# Continuous Control Project

## 1. Models tested

We tried and trained a DDPG algo with different sets of parameters:
- learning batch sizes for values [50, 100, 150, 200, 250]
- number of steps between learning steps for values [1, 4, 8, 12, 16, 20]
- Ornstein-Uhlenbeck process (theta, sigma) for values [(0.15, 0.2), (0, 0)]
- Actor & Critic learning rates for values [(1e-4, 1e-3), (1e-3, 1e-3)]

### Notation

A DDPG model will be identified by the following string: 
"[batch_size]_[nb_learning_steps]_[actor_lr]_[critic_lr]_[noise_theta]_[noise_sigma]_[actor_hidden_layers]_[critic_hidden_layer]"

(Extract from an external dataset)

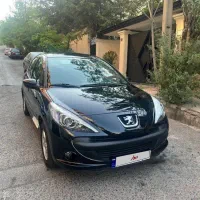 پژو‌۲۰۷ اتوماتیک پانا ۱۴۰۴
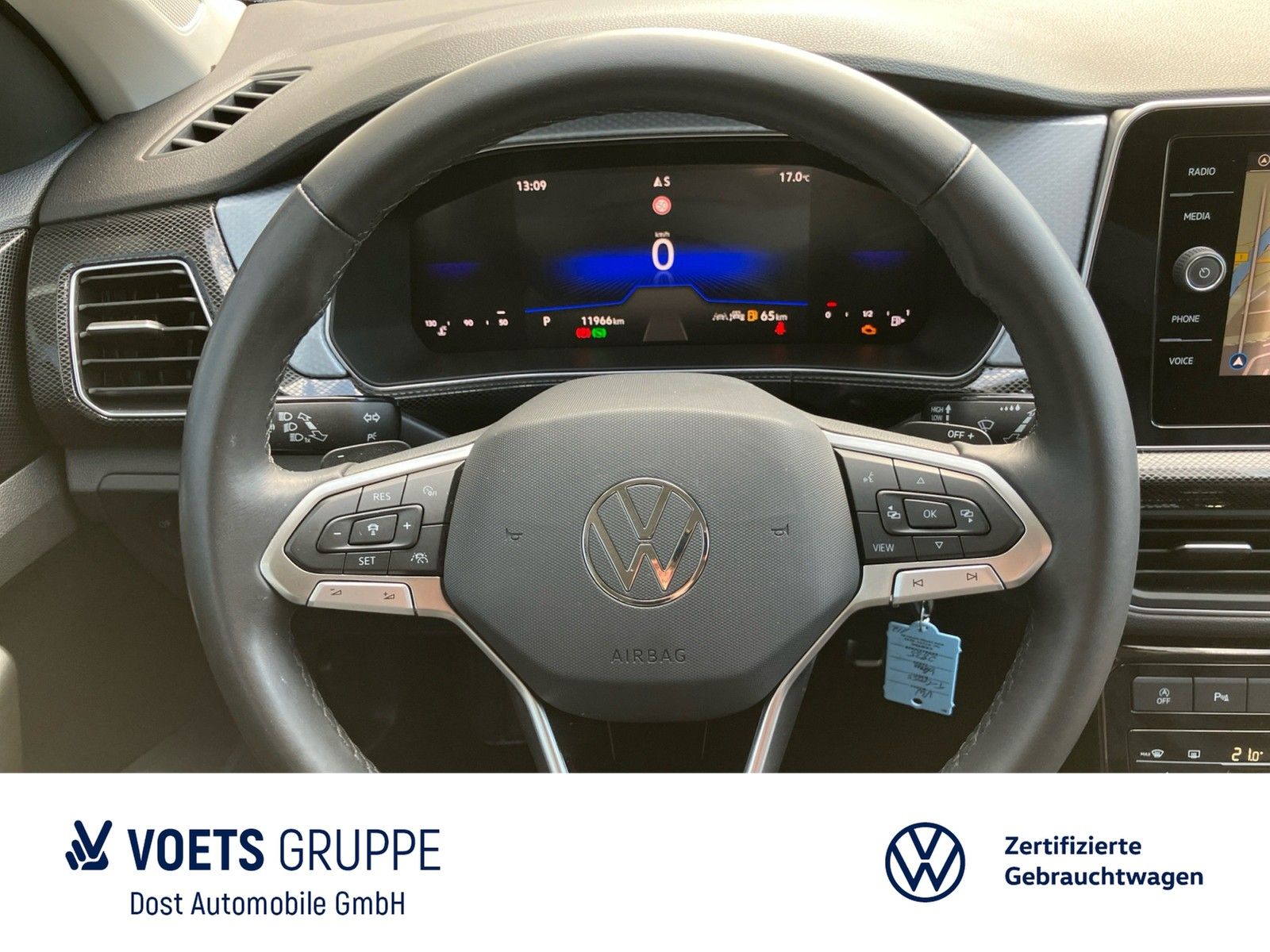 Volkswagen T-Cross - Bild 11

For instance "150_8_0.001_0.001_0.15_0.1_(128, 128)_(128, 128)" designates a DDPG algo trained with:
- an actor neural network composed of 2 hidden layers fully connected of 128 nodes each
- a critic neural network composed of 2 hidden layers fully connected of 128 nodes each
- using a learning batch size of 150 steps at a time
- every 8 steps
- with an actor learning rate of 1e-3
- and a critic learning rate of 1e-3
- with noise parameters of (theta = 0.15, sigma = 0.1)

In [None]:
%load_ext autoreload
%autoreload 2

In [None]:
import results_analysis

## 2. Training results

Below we gather the results of all the training runs tried with different sets of parameters

In [None]:
# Get results from all training runs contained in the Results directory
df_results_step, df_results, df_details = results_analysis.get_training_results()

# Get best training runs
# best_results_step finds the highest step-values among all training runs
# best_results finds the highest end-of-episode values among all training runs
best_results_step, best_results = results_analysis.get_best_runs(df_results_step, df_results, nb_runs=5)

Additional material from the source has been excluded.